La proposta possibile sul piano del pensiero giuridico e politico alle questioni
che si aprono in una simile “democrazia sociale o culturale” è quella di un “ponte” che
connetta i fianchi di entrambi i masicci montuosi della. Costituzione e della Sovranità,
ed è il ponte dei diritti costituzionalmente garantiti." Se vogliamo mantenere attiva la
forza delle nostre democrazie costituzionali dobbiamo riconoscere il punto in cui le
costituzioni si legano alle democrazie e si fermano innanzi ad esse, in cui la sovranità
popolare si lega alle costituzioni e si ferma innanzi ad esse" (Palombella 1997, 131-2).
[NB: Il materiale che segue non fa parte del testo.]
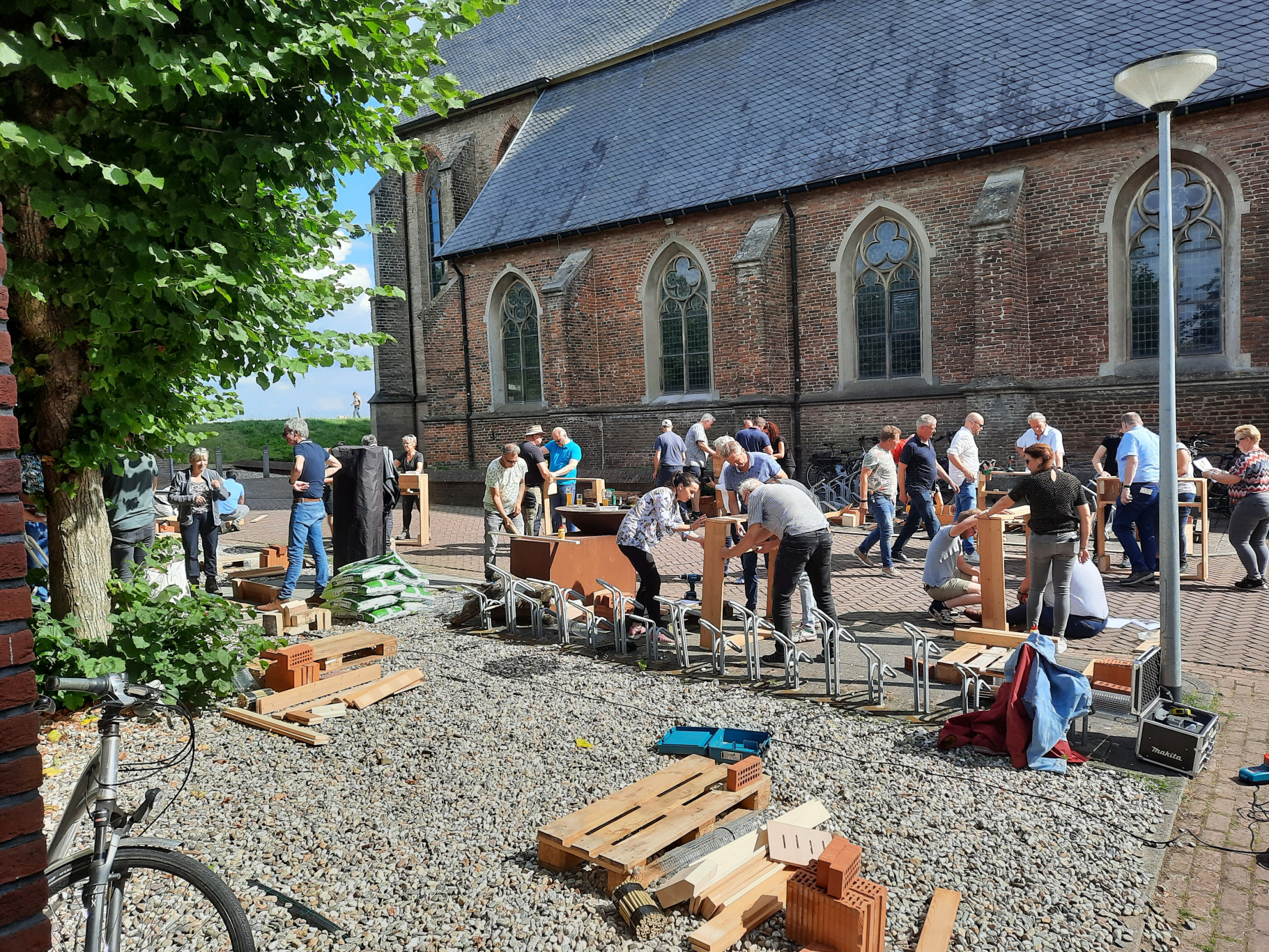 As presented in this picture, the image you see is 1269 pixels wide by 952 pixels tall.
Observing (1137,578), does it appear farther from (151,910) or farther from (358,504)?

Rinunciare al tema di una soggettività politica consapevole, significa rinunciare
ad una distanza ontologicamente vitale tra “istituente” e “istituito". E’ una distanza che
riproduce quella più radicale fra zoé e bìos, fra voce e linguaggio, fra nuda vita e pòlis
che è stata indicata da Airistotele e che rappresenta l’aporia fondamentale del pensiero
politico occidentale. Ma allora, ed è qui la vitalità del mantenimento di quella distanza,
“Il problema si sposta, così, dalla filosofia politica alla filosofia prima (o, se si vuole, la
politica viene restituita al suo rango ontologico" Sino a quando però “una nuova e
coerente ontologia della potenza ( al di là dei passi che in questa direzione hanno mosso
Spinoza, Schelling, Nietzsche e Heiddeger) non avrà sostituito l’ontologia fondata sul
primato dell’atto e sulla sua relazione con la potenza, una teoria politica sottratta alle
aporie della sovranità resta impensabile” (Agamben 1995, 51). Si tratta di una aporia il
cui senso passa dalla dimensione immediatamente politica a quella onto-logica e solo su
35
questo piano sembra trovare la possibilità di una soluzione, poiché “L’aporia metafisica
mostra qui la sua natura politica” (ibid., 56). Intanto e però, proprio per non svalutare le
conquiste e i travagli della democrazia moderna e il carattere vitale dell’ambivalenza
costitutiva del rapporto fra vità e città, assumendo che, se "la sovranità è la negazione di
una fondazione extra sociale della legge, la negazione di ogni autorità esterna e
trascendente” e, dall’altro lato, se”la democrazia è la forma di società che rende visibile
la possibilità che la società si dia "nuove leggi" e che le possa rimettere in discussione"
è solo un pregiudizio quello che alla democrazia come forma di società attribuisce i
disvalori di caos informe e di puro disordine e ne disconosce il carattere, invece, di
“processo che si <<struttura strutturandosi>>, che esiste esistendo, e proprio perciò non
si esaurisce mai nel già dato, nell’istituito”. Rovesciando l’ordine di qualificazione
logica fra il sostantivo e l’aggettivo della teoria dominante dello Stato che su quel
pregiudizio trova il proprio fondamento e secondo cui lo Stato è il prius e la democrazia
è solo un attributo possibile (“Lo Stato - vien detto - è anche democratico”) sono
rinvenibili anche “luogo” e“qualità primarie” della sovranità popolare. Essa “è
dovunque e in nessun posto: è il popolo che istituisce e continuamente prende le
distanze da ciò che istituisce. La sovranità popolare è la negazione di ogni autorità e
potere extra-sociale che siano la Ragione universale o il libro dei Profeti, che siano il
Calcolo economico ipostatizzato o i Vincoli (Barcellona 1998, 348-9).